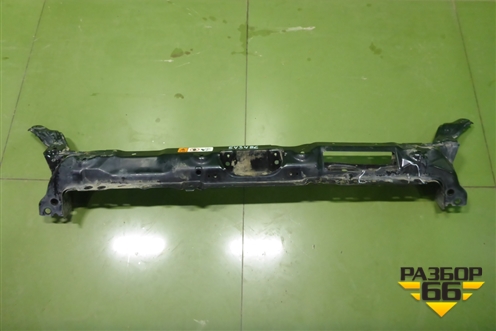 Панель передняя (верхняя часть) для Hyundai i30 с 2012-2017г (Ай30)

- - -

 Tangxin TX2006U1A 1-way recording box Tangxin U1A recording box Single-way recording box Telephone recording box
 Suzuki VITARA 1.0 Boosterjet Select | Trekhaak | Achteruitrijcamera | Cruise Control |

- - -

Take the entries above and return only the lines from the one with "Tangxin TX2006U1A 1-way" to the one with "Suzuki VITARA 1.0", both included, unchanged.

* _EXPECTED OUTPUT_:
 Tangxin TX2006U1A 1-way recording box Tangxin U1A recording box Single-way recording box Telephone recording box
 Suzuki VITARA 1.0 Boosterjet Select | Trekhaak | Achteruitrijcamera | Cruise Control |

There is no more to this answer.